**Exercise objective**
Would you output all the lines below precisely as they stand, leaving each picture out?

(Extracted material)

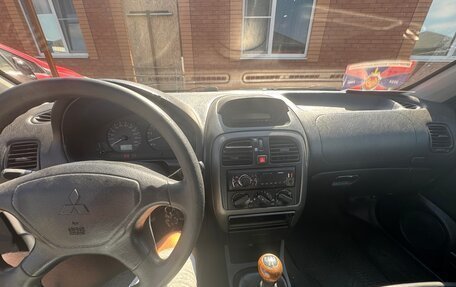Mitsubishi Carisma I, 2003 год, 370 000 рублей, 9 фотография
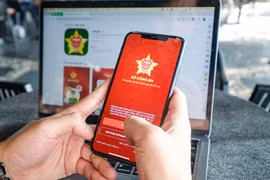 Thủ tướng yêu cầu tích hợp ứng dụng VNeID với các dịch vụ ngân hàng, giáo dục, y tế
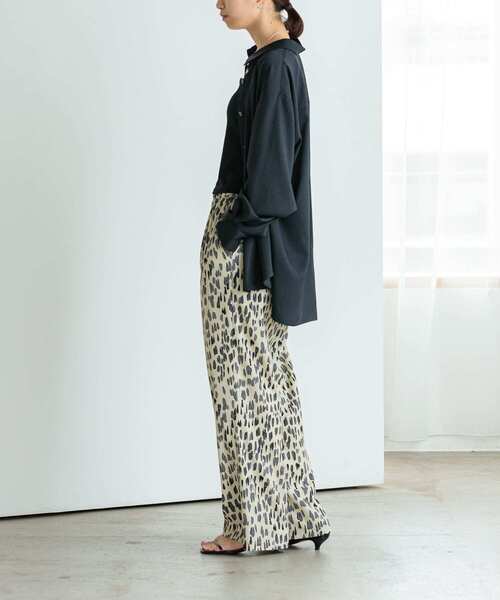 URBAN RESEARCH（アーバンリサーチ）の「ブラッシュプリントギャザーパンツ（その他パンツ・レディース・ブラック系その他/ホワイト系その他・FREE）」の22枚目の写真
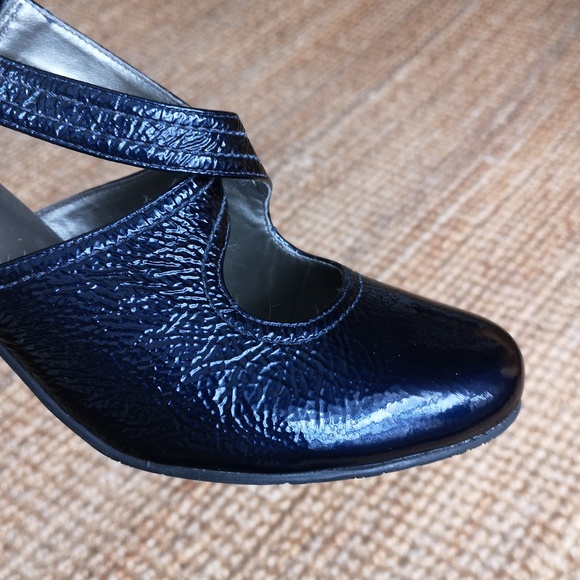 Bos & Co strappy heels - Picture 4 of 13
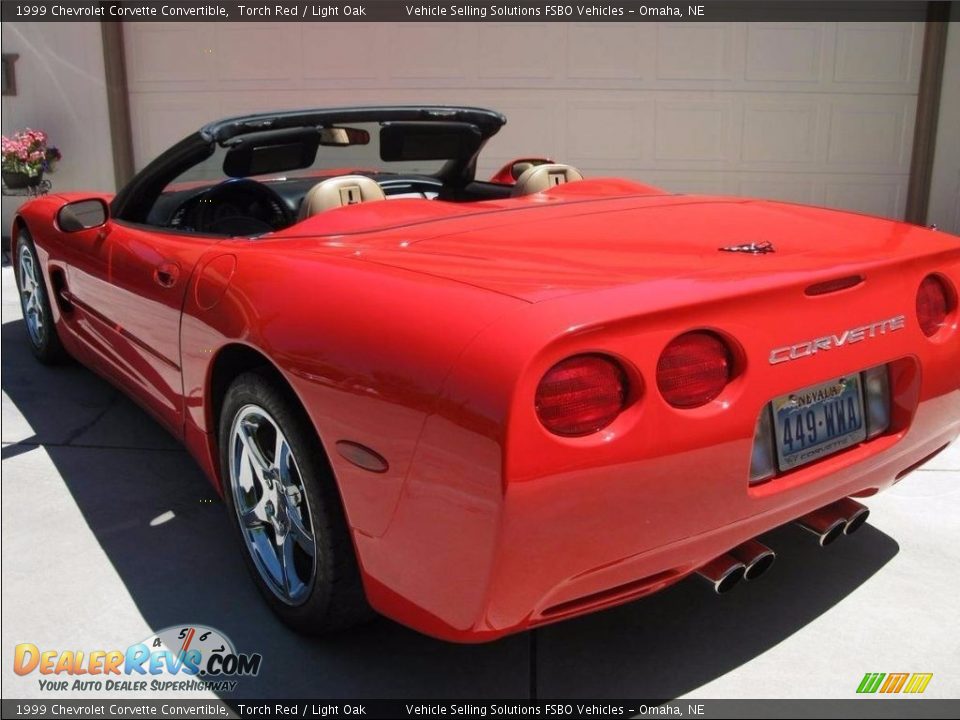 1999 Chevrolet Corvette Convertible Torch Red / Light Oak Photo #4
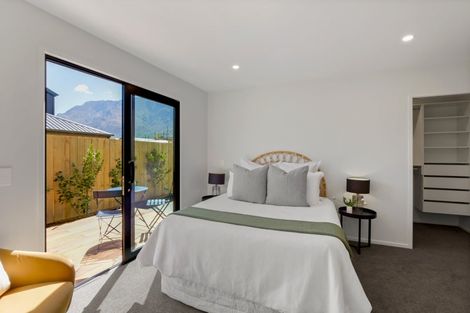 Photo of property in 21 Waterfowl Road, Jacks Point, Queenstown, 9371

(End Extracted material)

**Solved problem**
Mitsubishi Carisma I, 2003 год, 370 000 рублей, 9 фотография
 Thủ tướng yêu cầu tích hợp ứng dụng VNeID với các dịch vụ ngân hàng, giáo dục, y tế
 URBAN RESEARCH（アーバンリサーチ）の「ブラッシュプリントギャザーパンツ（その他パンツ・レディース・ブラック系その他/ホワイト系その他・FREE）」の22枚目の写真
 Bos & Co strappy heels - Picture 4 of 13
 1999 Chevrolet Corvette Convertible Torch Red / Light Oak Photo #4
 Photo of property in 21 Waterfowl Road, Jacks Point, Queenstown, 9371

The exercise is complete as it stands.